In summary, this invention provides a memory module testing/repairing method and device capable of replacing faulty memory addresses without having to de-solder out the faulty chip physically and replace it with a new one. Thus, major advantages includes: [0027]
1. A specially trained agent for repairing the memory module is no longer required. Hence, training cost is reduced. [0028]
2. Production line is simplified and hence productivity is increased. [0029]
3. Since faulty memory chips are no longer replaced, less memory chips are required. [0030]
It will be apparent to those skilled in the art that various modifications and variations can be made to the structure of the present invention without departing from the scope or spirit of the invention. In view of the foregoing, it is intended that the present invention cover modifications and variations of this invention provided they fall within the scope of the following claims and their equivalents. [0031]

Claims

1. A memory module testing/repairing method for testing and repairing a memory module, comprising the steps of:

testing the memory module;

registering any faulty memory addresses in the memory module; and

blocking out fixed address paths to the faulty memory addresses and replacing the faulty memory addresses by selecting standby addresses.

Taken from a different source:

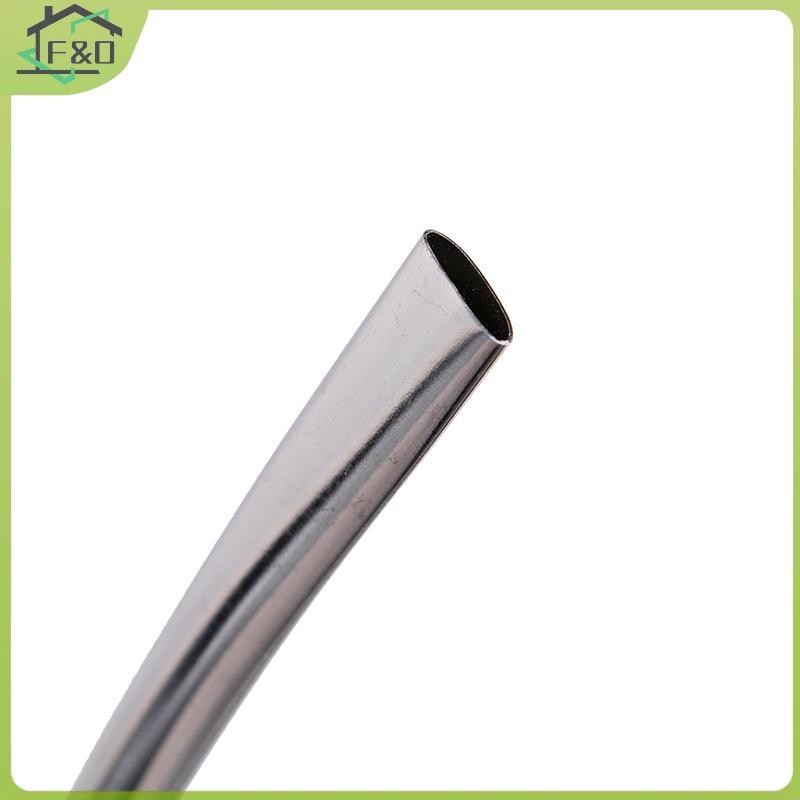 F&O Yerba Mate Straw Tea หลอดกรองยาดื่ม หลอดสแตนเลส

2. The memory module testing/repairing method of claim 1, wherein the step of blocking out fixed address paths to the faulty memory addresses and replacing with specially selected standby addresses is carried out by blowing an electrical fuse.

3. The memory module testing/repairing method of claim 1, wherein the step of testing the memory module includes writing data into each memory address and reading data from the memory address and confirming the validity of the read-out data.

4. The memory module testing/repairing method of claim 1, wherein the method further includes setting the memory chip on the memory module into a testing mode.

5. A memory module testing/repairing device for testing and repairing a memory module, comprising:

a storage medium holding testing/repairing programs for testing and repairing the memory module; and

a main computer board having memory module slots therein for accommodating memory modules and retrieving testing/repairing programs from the storage medium before carrying out the memory module testing/repairing procedure,

wherein the testing/repairing procedure further includes the following steps:

testing the memory module;

registering any faulty memory addresses in the memory module;

setting the memory chip on the memory module to a testing mode;

blocking out the fixed address path to faulty memory addresses and replacing the faulty memory addresses by selecting standby addresses; and setting the memory chip on the memory module back to a normal operation mode.

6. The memory module testing/repairing device of claim 5, wherein the storage medium is a system having a floppy disk and a floppy disk reader.

7. The memory module testing/repairing device of claim 5, wherein the storage medium is a hard drive system.

8. The memory module testing/repairing device of claim 5, wherein the storage medium is a system having an optical disk and an optical disk reader.

9. The memory module testing/repairing device of claim 5, wherein the device further includes a display monitor for displaying testing/repairing results.